There seems to be some disagreement as to how the elephants are protected from foot ailments that stem from walking on hard surfaces. From the Los Angeles Times article:
But she also had become a symbol for impassioned animal rights activists who argued that her crippling problems were the result of treading on concrete surfaces in the zoo for years, and that she would never completely recover. (All the zoo’s elephants now pad around on soft dirt surfaces.)
And from the Last Chance for Animals press release:
It has become evident that the LA Zoo cannot provide the space, exercise or social enrichment needed to preserve the elephants’ health and well being. They are kept in woefully inadequate quarters and are forced to stand on hard surfaces such as concrete or hard-packed earth.
The organization says that only one elephant was on exhibit at the L.A. Zoo, while Gita and another were kept for two years in a “temporary” off-exhibit area with only one-tenth of an acre for the two of them. If so this is quite damning, as the Bronx Zoo in New York has three Asian elephants on two acres, and has decided to shut down the exhibit altogether once these elders pass away.
So why not support the $50 expansion which, according to LCA itself, will increase the elephant area to 3.5 acres? I understand the arguments against keeping elephants in zoos altogether, but zoos can be better or more poorly designed and run. Isn’t it somewhat inflexible to oppose the chance to improve the exhibit to state of the art standards, a process that a more accomodating activist group could even be invited to take part in?

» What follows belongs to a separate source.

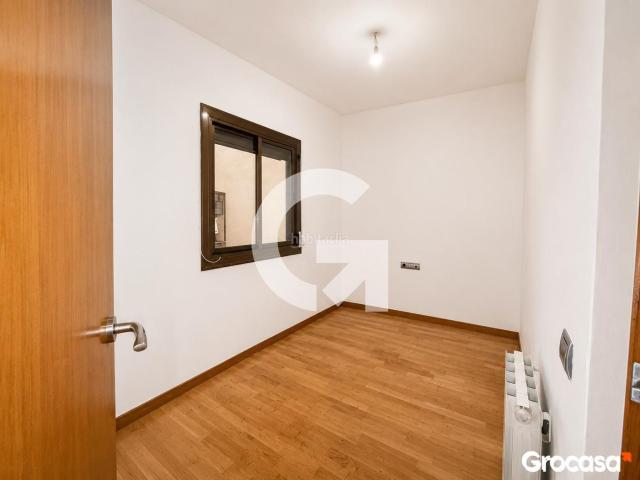 Piso en venta en Hospitalet de Llobregat L´, Les Planes. 1º REAL EXTERIOR. Pisos Hospitalet de Llobregat.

Most of all, I go back to what I get from exposure to animals, which is perspective and a sense of peace. Many a time I’ve taken a personal “time out” at the zoo, just to be in the company of other species and get my head straight. So I see value in exposing people, especially children, to animals at close range. Taking animals away from city zoos and placing them in rural wildlife sanctuaries makes seeing them a much more complex and expensive project. It means that wealthier families will find it much easier to expose their children to animals, while poorer families — whose children often grow up in more precarious and violent settings, and can benefit from encounters will animals — will find it much more difficult. There’s something profoundly democratic in going to a city zoo and seeing the shared joy and wonder on the faces of children of all backgrounds. If we can really invest in giving zoos the space and resources to honor the animals’ needs, I think that is money well spent.
In the meantime, pour a little of your drink onto the ground in honor of Gita the pachyderm to help speed her in her transition to ancestry.